In my twenty years of experience as a massage therapist and nurse, I've found many people believe that chronic, low grade discomfort is a natural phenomenon which they expect and accept; allowing it to become a part of their everyday lives, making good days a little bleaker, and difficult ones a little bit harder to bear. Many of the serious pain issues I deal with started out as small nuisance irritations which, having been ignored for many years, end up being the source of chronic pain.
Tender Foot Restoration
While this is not intended for advanced foot conditions such as those listed above, which can take three or more visits to achieve desired results, this treatment will not injure or aggravate any of them, and might provide them some relief as well. Start with a warm foot bath if available, otherwise wrap feet in warm towels. Ensure that your work area is warm and free of drafts, as working over a warm heating pad is ideal.
Massage the bottoms of the feet and toes, having your client indicate the places that are most sensitive. You will note that these areas may feel like they are quite boney. Keep in mind that even if some of these tissues have atrophied, they are still alive and can be plumped and restored to normal. You can do that by massaging them until the circulation has softened those hardened areas. Follow the principles of Tissue Density Restoration (TDR) massage ("The Seven Principles of TDR Massage," Massage Today, July, 2015).
It is important that you spend at least 45 minutes on each foot, keep them warm, and do not elicit pain greater than a 2 or 3 on the 1/10 pain scale. You will know you are doing it right as you feel hardened areas soften, smooth out, and become pliable. At the same time, your client will be stating that they never thought their foot could feel so much better. You may be tempted to spend less time on each foot once the client states that it no longer hurts when pressed into, but the best, longest lasting results come from rubbing out every tender spot, and taking the time to do it thoroughly. As the tissues on the bottom of the foot respond and the tenderness eases, manipulate the entire foot and ankle, gently, to encourage and improve circulation to the foot, while continuing to work the affected tissues, until they are uniformly softer and without pain.

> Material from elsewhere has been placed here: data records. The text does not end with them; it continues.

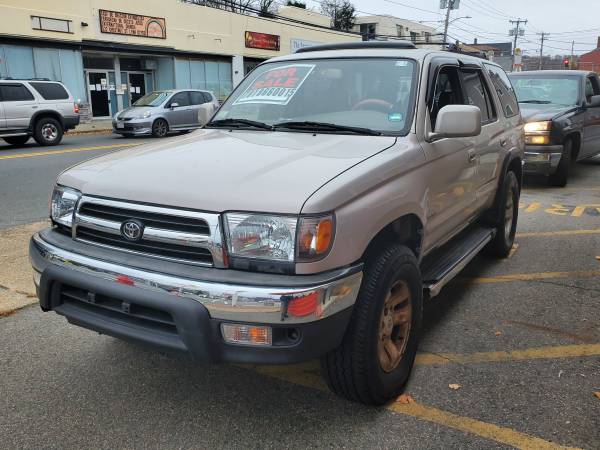 Toyoda 4 Runner 1999 - cars & trucks - by owner - vehicle automotive... for sale in Lynn, MA – photo 4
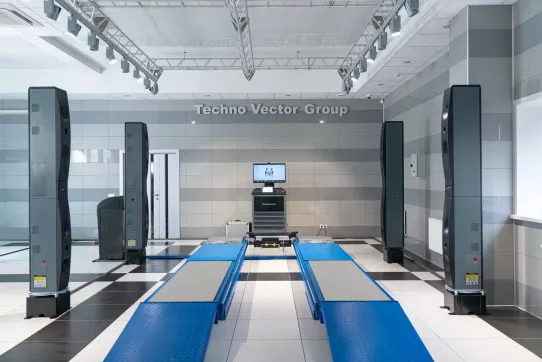 Стенд сход-развал бесконтактный напольный для легковых автомобилей Техновектор P 8218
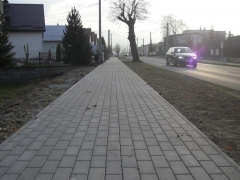 Fotografia: Napojenie chodníka - začiatok obce
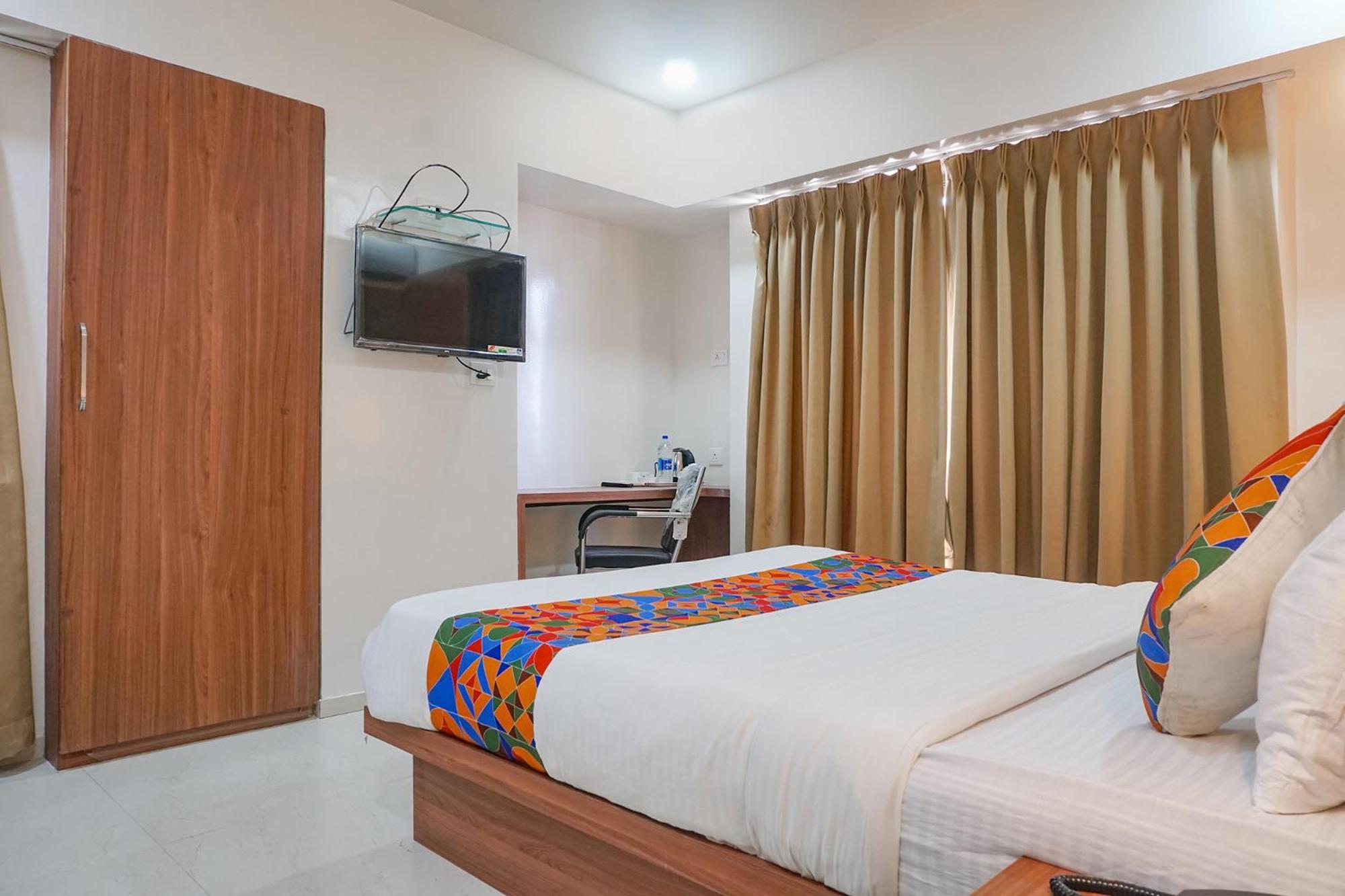 Fabhotel Emersion Residency - High Street Near Laxman Nagar, Baner Pune Dış mekan fotoğraf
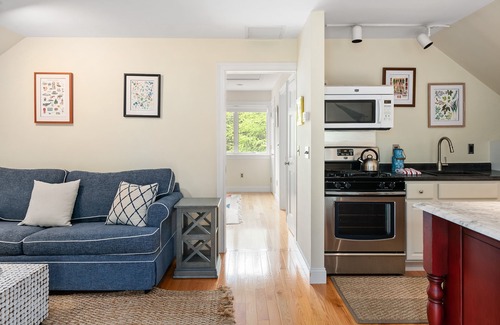 Yarmouth House | Eagles Nest Preserve Cottage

Both of my clients whose discomfort I described above, and many others with similar conditions, have experienced complete relief of their tender foot discomfort. For my clients who can reach their feet easily, I encourage them to give them a good massage during a bath, or when applying lotion, at least once a month to maintain the cushioning properties. Otherwise, they should schedule a bi-monthly maintenance foot massage.